DESCRIPTION OF THE TASK >> Retype word for word the first line of the listing and each line after it up to the line with "Load image into", with the pictures taken out.

RAW DATA >>
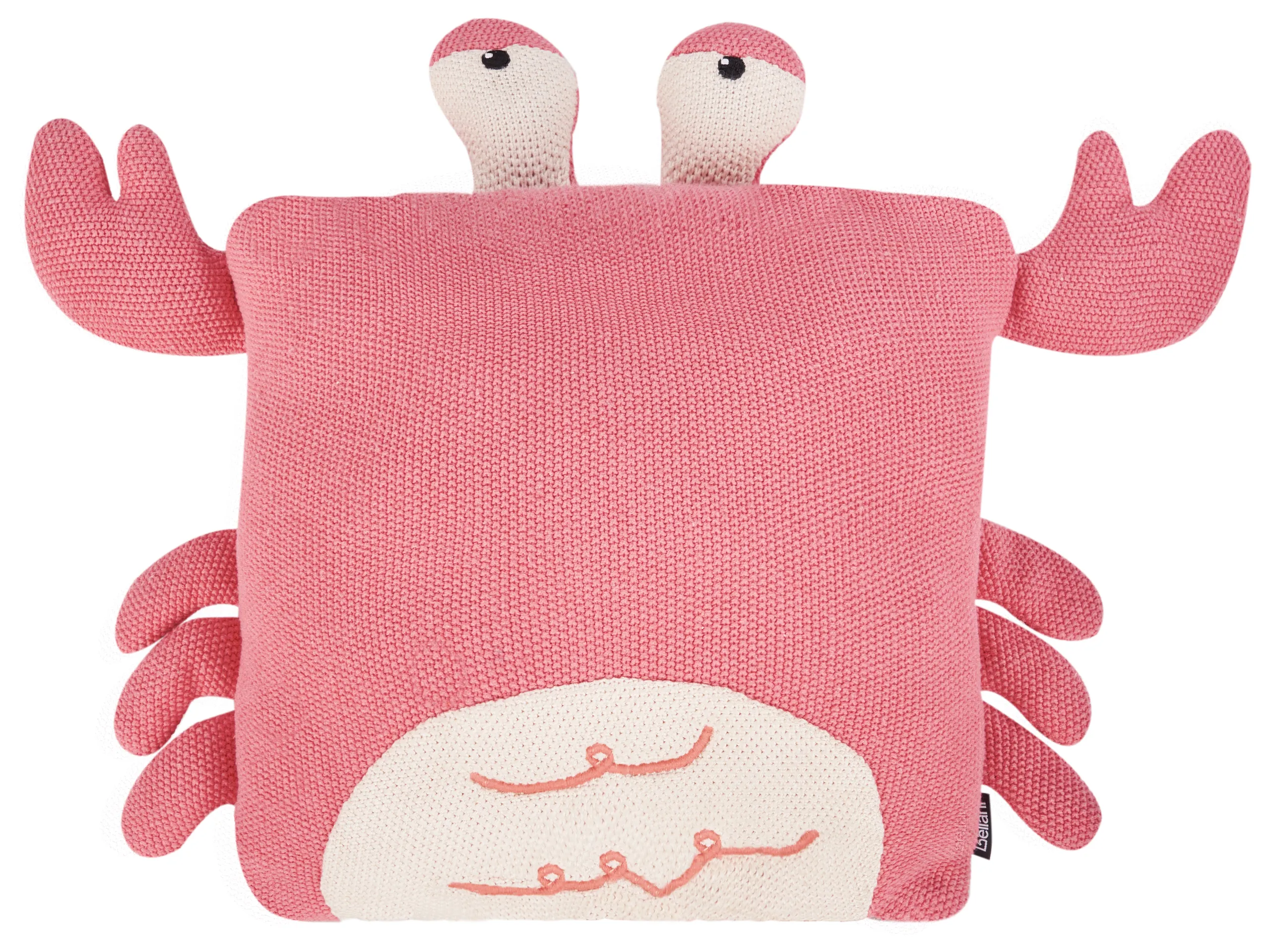 Conjunto de 2 cojines decorativos JARGALLI Algodón 35 x 35 cm Rosa Cangrejo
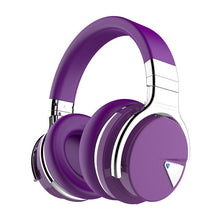 Load image into Gallery viewer, COWIN Bluetooth Noise-Canceling Over-Ear Headphones, Purple, e7anc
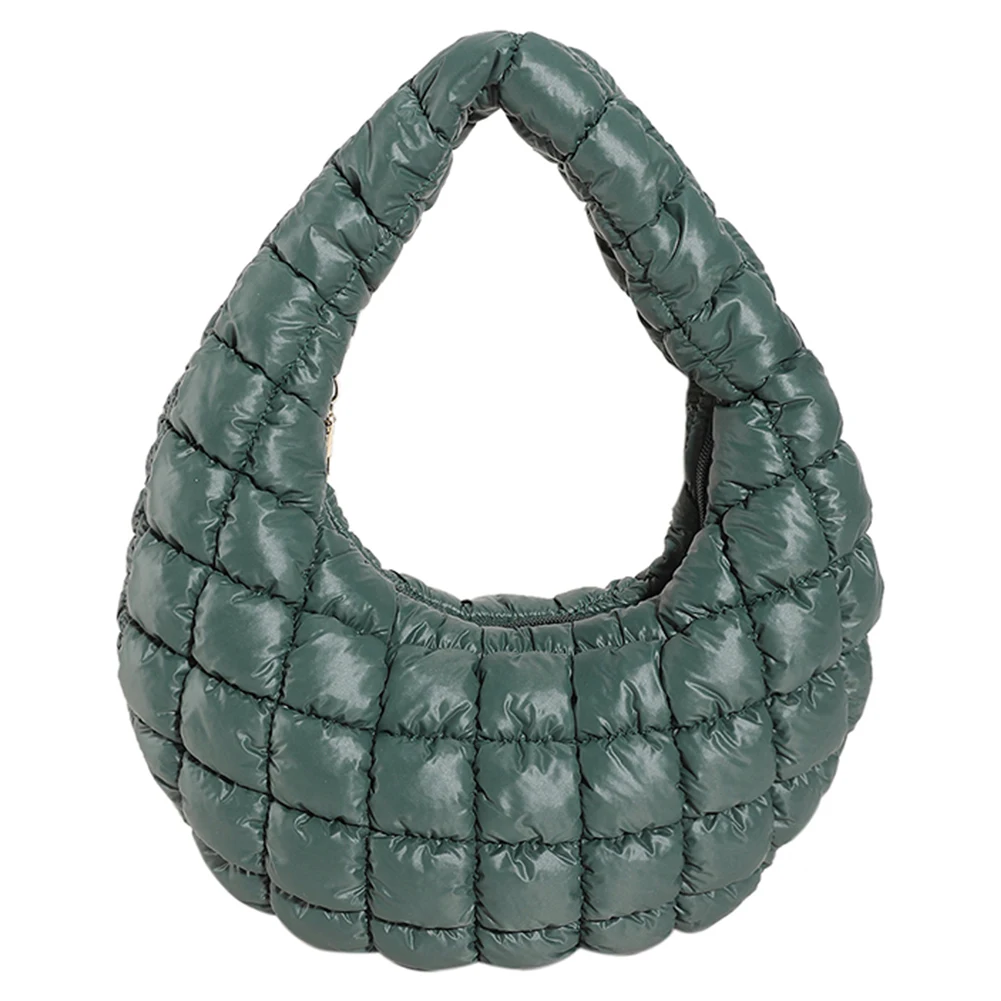 Sac à Main Polyvalent avec Poignée Supérieure pour Femme, Cartable Souple, observateur, Plissé Nuage, Fourre-Tout Matelassé, Fille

RESULT OF THIS TASK >>
 Conjunto de 2 cojines decorativos JARGALLI Algodón 35 x 35 cm Rosa Cangrejo
 Load image into Gallery viewer, COWIN Bluetooth Noise-Canceling Over-Ear Headphones, Purple, e7anc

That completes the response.